If you plug the quoted phrase “the data finds the data” into any of the search engines, the first hit will be one of several essays on Jeff Jonas’ blog. Other evocative phrases that lead to Jeff’s blog include “perpetual analytics”, “sequence neutrality,” and “persistent context,” but while those will soon resonate once you scratch the surface of Jeff’s work, none is as broadly compelling as “the data finds the data.” As sound bites go, that one’s a keeper.
Jeff Jonas is chief scientist for IBM’s Entity Analytic Solutions. His long career in data surveillance, and recent interest in privacy-respecting data surveillance, has drawn a lot of media attention lately. In the mainstream he’s appeared in Newsweek and on NPR. In the techsphere, Tim O’Reilly blogged about Jeff’s visit to PC Forum, Dan Farber interviewed him at the Web 2.0 conference and Phil Windley wrote a detailed review of his keynote at ETech 2007.
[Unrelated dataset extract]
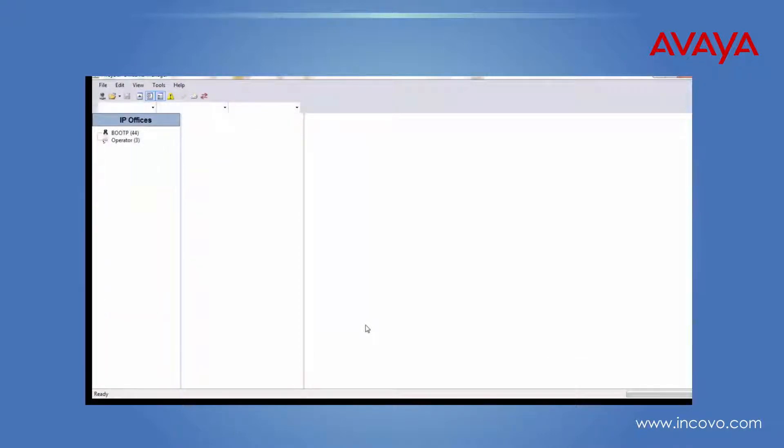That's the changes being saved back to the phone system, and it will now send the SMDR records to your call logging application. My name has been David. Thanks for watching.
Given our shared interests — including surveillance, analytics, security, privacy, and manufactured serendipity — it’s surprising that I only recently became aware of Jeff’s work. Of course, we’ve been working different ends of the same street. He’s focused on finding bad guys: casino fraudsters, terrorists, and others who collaborate secretly. I’ve focused on helping people who collaborate openly do so more effectively. And yet…these really are two sides of the same coin.
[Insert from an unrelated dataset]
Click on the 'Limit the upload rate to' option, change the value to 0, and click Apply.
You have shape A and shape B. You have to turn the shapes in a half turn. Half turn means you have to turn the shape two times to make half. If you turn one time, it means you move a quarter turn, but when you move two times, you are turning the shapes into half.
Here’s an example of “the data finds the data” in Jeff’s world, from his article in IEEE Security and Privacy entitled Threat and Fraud Intelligence, Las Vegas Style. You have two records that refer to the same person, but you don’t know that they do. Then a third record appears which relates to each of the first two, and which establishes that all three refer to the same person. The first two pieces of data find one another, through the agency of a third piece of data.
Here’s an example of “the data finds the data” in my world. On June 17 I bookmarked this item from Mike Caulfield, who is a local friend, the webmaster at Keene State College, and a forward thinker about Net-enabled education. On June 19 I noticed that Jim Groom — who is a distant acquantance at the University of Mary Washington and another forward thinker on the same topic — had responded to Mike’s post. Ten days later I noticed that Mike had become Jim’s new favorite blogger.
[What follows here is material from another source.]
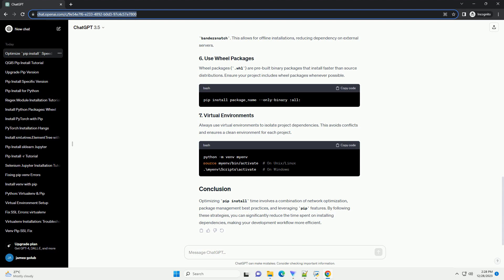Ensure you have the latest versions of pip and setuptools installed to benefit from performance improvements and bug fixes.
I don’t know whether Jim subscribes to my bookmark feed or not, but if he does, that would be the likely vector for this nice bit of manufactured serendipity. I’d been wanting to introduce Mike at KSC to Jim (and his innovative team) at UMW. It would be delightful to have accomplished that introduction by simply publishing a bookmark.
But even if that weren’t the vector, the point is that given the overlap between Jim’s published work and Mike’s published work, it’s likely that they would sooner or later have discovered one another. In the realm of personal publishing, thanks to syndication and search, data tends to finds data. And when it does, people find each other.
This process of discovery works best, of course, when there’s common data available to the syndication and search engines. When the same things have different URLs or different names, the connections are non-obvious.
For non-obvious connections that don’t want to be found, you need a technology like the one Jeff Jonas sold to IBM. It goes by the name NORA: non-obvious relationship awareness.
For non-obvious connections that do want to be found, though, we can help the process along in a variety of ways. Publishing hyperlinks is one way to expose non-obvious relationships. Publishing key words and phrases is another. So, for example, in reading up on Jeff Jonas’ work, I realized that the privacy-assuring version of NORA, called ANNA, which uses one-way hashes to obscure private information while still enabling matching and discovery, is related to Peter Wayner’s notion of translucent databases (1, 2).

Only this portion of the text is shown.